When you take a vacation, you teach your children something powerful: that rest is not laziness. That joy is not optional. That presence is not earned—it’s offered.
A vacation is an act of radical rebellion against the tyranny of busyness. It says, I don’t need to answer every call. I don’t need to monetize this moment. I’m just going to sit here with my toes in the sand and be absolutely useless for a while. And that’s beautiful.
The Donnie Doctrine: Carve It Out
Donnie’s advice was deceptively simple: Take the time.
That was it. Not “if you can.” Not “someday when things calm down.” Just take the time.
You don’t need to go to Hawaii or take a cruise (though if you do, bring me back a T-shirt). Sometimes the best vacation is a weekend in a cabin. Or a few days visiting friends. Or just staying home but acting like you’re away—no phones, no chores, no errands, no work.
And for heaven’s sake, put it on the calendar. If it’s not scheduled, it doesn’t exist. Plan your vacation like you would a deposition—firm, immovable, and non-negotiable.
You Will Never Regret It
You will never say, “I wish I had worked through that summer trip.” But you might say, “I wish I’d been there more.”

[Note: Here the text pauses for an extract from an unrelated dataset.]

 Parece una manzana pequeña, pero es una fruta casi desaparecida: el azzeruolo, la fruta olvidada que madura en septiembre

You’ll never regret walking on the beach with your spouse, or sitting in the backseat listening to your kids argue over who gets the window seat, or watching fireworks from a cheap motel parking lot. These are the moments that make life sticky. The glue between generations.
My own kids still talk about trips we took when they were small. I barely remember the work I sacrificed to go—but I remember the laughter in the back of the rental van, the bad diner food, the sunset over a lake I couldn’t find again if I tried.

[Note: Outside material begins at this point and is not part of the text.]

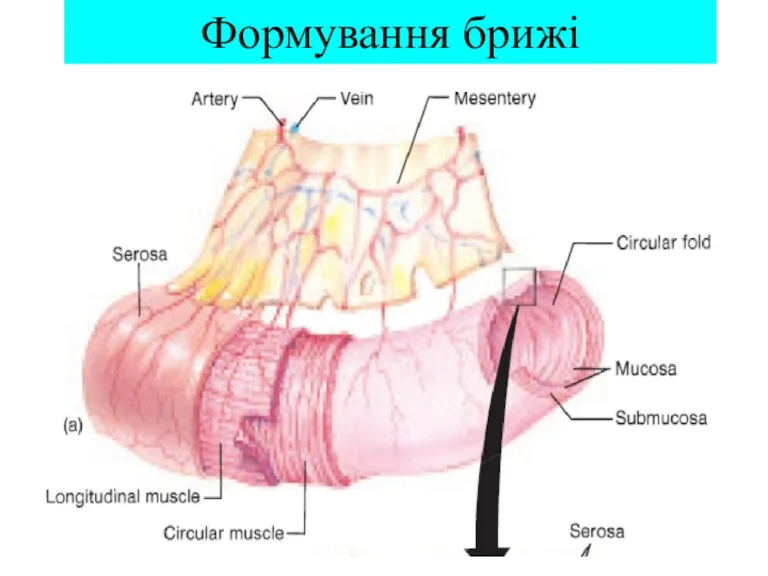 Формування брижі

When I retire, nobody’s going to throw me a party because I was always available. But they might raise a glass to the fact that I was present.
Final Thought: From One Maniac to Another
If you’re self-employed, I get it. You work for a maniac. Evenings or weekends of work still happen. But Donnie taught me this: even maniacs need margin.
Take the trip. Carve the time. Vacations create memories.
Someday, your child will describe their childhood to someone else. Let it include the words: “We always took time together.”
Trust me: no client will love you the way your family does.
And no vacation will ever cost as much as the regret of not going.